Des Samuel Eto’o, j’en ai connu quelques-uns, à l’Ecole principale New-Bell Basaa et à l’Ecole Saint-Jean-Bosco. Une fois dans l’enceinte de l’école, loin du quartier, c’était tous de vrais petits agneaux. On les bousculait un petit peu, parfois on cognait en passant. Jamais, ils ne disaient mot ; jamais ils ne commençaient la bagarre. Souvent même, pour échapper à quelques petits gnons à peine appuyés, ils préféraient rester dans les salles de classe, tout près du prêtre ou de l’instituteur, bien à l’abri.
Mais il fallait les voir, une fois revenus au quartier, près de leur maman, à côté de la case familiale, dans leur cadre familier. De petites terreurs. Baveux, provocateurs, bagarreurs. Surtout que le grand frère n’était pas loin, et que le père n’aurait pas toléré qu’on portât la main sur un de ces galopins.
La seule offensive que Samuel Fils, notre gloire nationale, ait jamais lancée hors d’un terrain de foot, en face d’une presse teigneuse et résolument remontée contre lui, de la Galicie à la Catalogne en passant par l’Estrémadure, c’est de déclarer qu’il ne lisait jamais les journaux.
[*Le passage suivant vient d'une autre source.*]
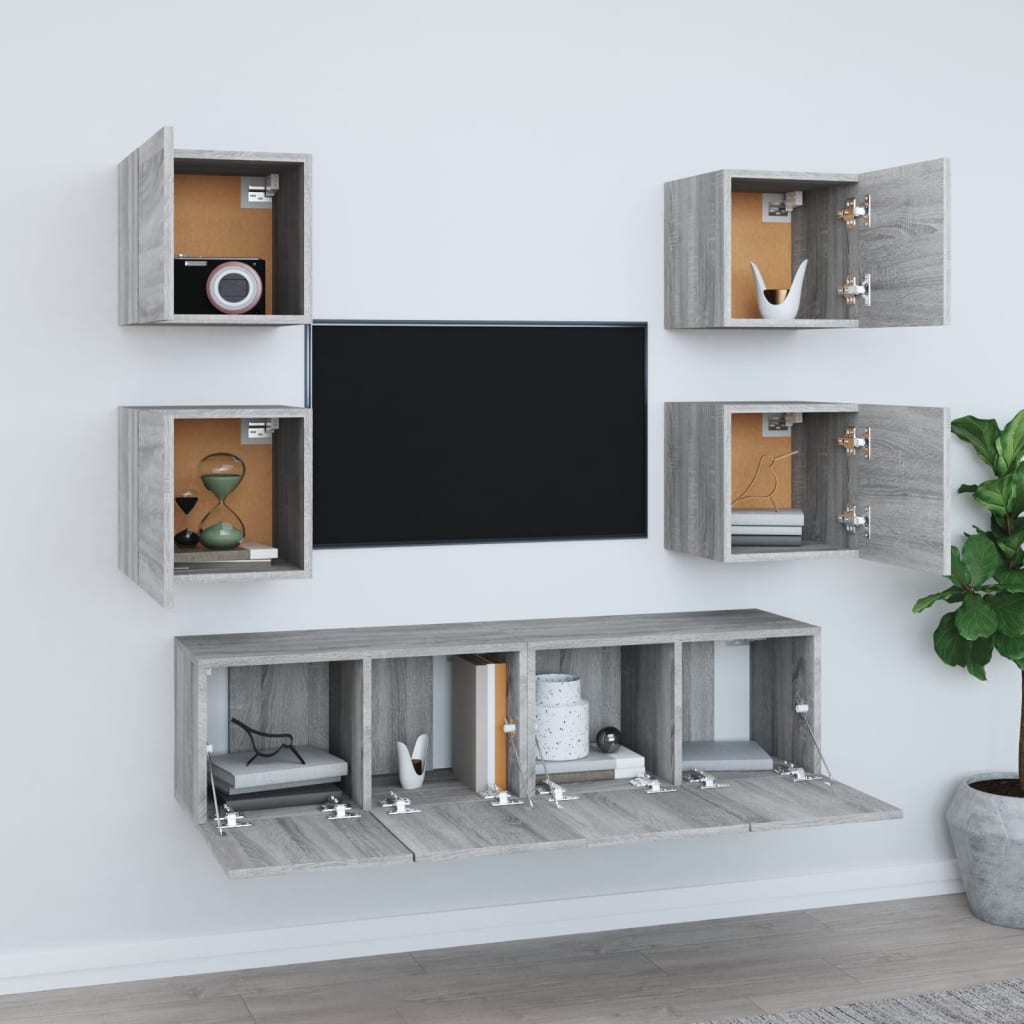 6-tlg. TV-Schrank-Set Grau Sonoma Holzwerkstoff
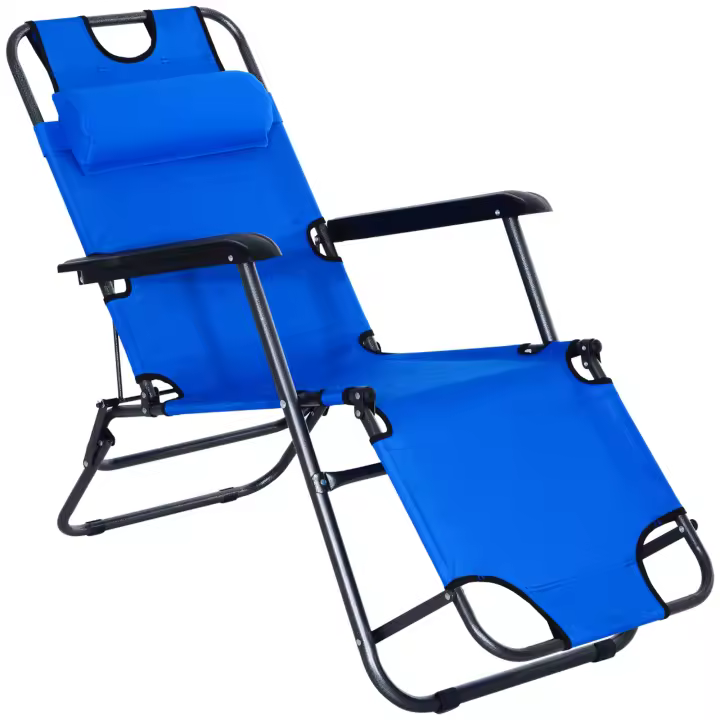 Outsunny Tumbona Reclinable y Plegable con Respaldo Ajustable Reposabrazos Almohada y Reposapiés para Jardín Terraza Carga 136 kg 118x60x80 cm - 1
C’est le quant-à-soi classique dans lequel campent invariablement tous les mirliflores du ballon, tous ces demi-dieux imbus d’une gloire au mieux éphémère et éperonnés par l’adoration de putes, de courtisans et de foules désœuvrées. Ils ne lisent jamais les journaux, la belle affaire ! Ils lisent donc Mamadou et Bineta ?
Barcelone, c’est quand même autre chose que Yaoundé. On ne commence pas une bagarre en terrain inconnu. On ne sait jamais. Mais Yaoundé, c’est pratiquement New-Bell Babylone. On sent la maison, la maman n’est pas loin, les grands frères veillent, on peut faire son faraud sans grand dommage.
Mon infortuné confrère ne sait sans doute pas que le coup de tête qu’il a reçu est une arme homologuée dans le coin de Douala que j’ai l’honneur et le privilège de partager avec Fils. Cela s’appelle une lâcheté. L’art de la lâcheté est inné chez nous, cher confrère, vous ne pouviez pas le savoir. Pardonnez-moi donc si, au lieu de compatir à votre malheur, je m’empresse de saluer bien bas ce fait d’arme qui confirme ce que tout le monde sait à New-Bell : Samuel Eto’o n’a jamais oublié ses origines.
Moi non plus d’ailleurs. Je suis donc tranquille ; on ne peut pas m’avoir comme ça : je maîtrise la lâcheté. De plus, il y a longtemps que j’ai gagné la liberté de ne pas me mêler à des têtes brûlées qui ne savent même pas tenir une fourchette.